I was talking with TeraTech’s server tuning consultant Mike Brunt about ColdFusion tuning and clustering which we did for a client to improve stability and performance. I thought others might be interested in what we did with server metrics, threads, logs and garbage collection in the Java Virtual Machine (JVM). We edited two files, as follows…
1/ {JRun4_root}servers\default\SERVER-INF\jrun.xml
We edited the following lines Lines 126 through 130, we uncommented this section (it is sometimes already uncommented) made sure it was set to true
<!– This Service provides metrics information –>
<!– ================================================================== –>
<service class=”coldfusion.server.jrun4.metrics.MetricsServiceAdapter” name=”MetricsService”>
<attribute name=”bindToJNDI”>true</attribute>
</service>
We then edited the section from line 148 through 151 as follows…

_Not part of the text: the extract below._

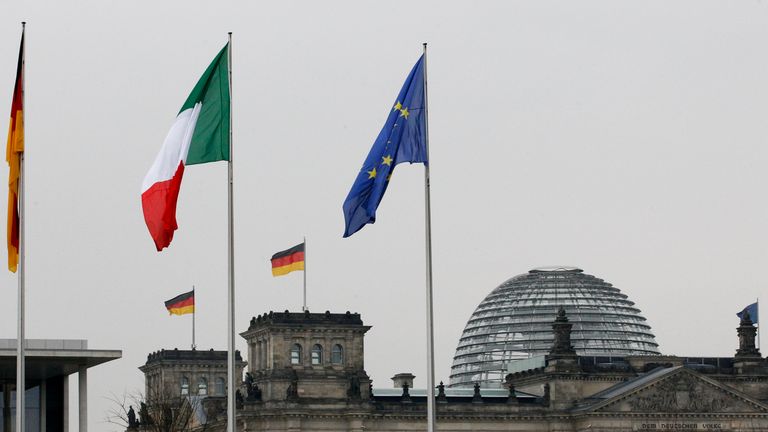 The national flags of Italy and Germany and the EU flag are pictured atop the Reichstag building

<!– You may also need to uncomment MetricsService if you want metrics enabled –>
<attribute name=”metricsEnabled”>true</attribute>
<attribute name=”metricsLogFrequency”>60</attribute>
<attribute name=”metricsFormat”>Web threads (busy/total): {busyTh}/{totalTh} Sessions: {sessions} Total Memory={totalMemory} Free={freeMemory}</attribute>
We changed <attribute name=”metricsEnabled”>true</attribute> to true which turns on Metrics Logging we made no more changes to this section but it is good to note what they do. <attribute name=”metricsLogFrequency”>60</attribute> sets the frequency of the metrics logging to 60 second intervals, that can be changed, in my experience, 60 seconds is typically a good time interval.
The line below that determines what is displayed; {busyTh}/{totalTh} will show all busy threads and total threads in use. The busy threads value shows you how many threads are actually in use when this snapshot was taken and the total the actual busy threads along with threads in every other state. There is a good write up of different thread states here – http://www.bpurcell.org/blog/index.cfm?mode=entry&entry=934. The total thread number shows all threads in every state, as a very broad rule of thumb, the greater the difference between busy and total the more efficiently the application is running.
Sessions: {sessions} shows the number of Java-J2EE sessions running which is enabled by turning on “Use J2EE Session Variables” in the Memory Variables section of CF Admin. This will show you how many J2EE sessions are running every 60 seconds. This is an indication of activity and this number will rise and fall as user sessions begin and end.
Total Memory={totalMemory} Free={freeMemory} is fairly self explanatory and shows the memory state in 60 second intervals, ideally we do not want to see free memory drop too low, I would get uncomfortable if it drops below 75 MB or 10% of the total. Also, we want to see any used memory being released as quickly as possible.
We next edited the way logs are generated and created a split out of the logs by adding {log.level} to line 155
<attribute name=”filename”>{jrun.rootdir}/logs/{jrun.server.name}-{log.level}-event.log</attribute>
This last change enables more targeted logs which will be written to {JRun4_root}\logs.
I recommend making these changes on all Production CFMX 6.1 systems and leaving them on, the information produced can be invaluable for troubleshooting.
2/ {JRun4_root}\bin\jvm.config
This files is the main configuration file for the JVM and is loaded at start time. After observing application behavior metrics from the logging changes above we applied the following changes to jvm.config…
-Xms768m -Xmx768m – This sets the start and maximum memory allotted to the heap at 768MB. I typically set this number as high as is needed by the metrics logging and verbose garbage collection information. In practical terms, on 32 bit Windows, it cannot be set any higher than 1.4GB.
-XX:PermSize=128m -XX:MaxPermSize=128m – Here we added a start size for the permanent generation which I where the classes for JRun-CF are stored. We did this because we observed all of this memory space being fully consumed many times, in the verbose garbage collection log.
-Dsun.rmi.dgc.client.gcInterval=600000 -Dsun.rmi.dgc.server.gcInterval=600000 – These arguments generate an explicit Full Garbage Collection (Full GC) at 10 minute intervals. We applied these because we observed Full GC's taking place at one minute intervals and in some cases at 30 second intervals. This is far too often as when there is a Full GC, everything else on the server stops.
-XX:+PrintGCDetails -XX:+PrintGCTimeStamps -XX:+PrintHeapAtGC -verbose:gc -Xloggc:teratechgc.log – This argument set turns on logging of all garbage collections in a verbose manner and this is where we got our information for the memory settings along with the metrics information. We turned this logging off after making the changes and checking that all was OK.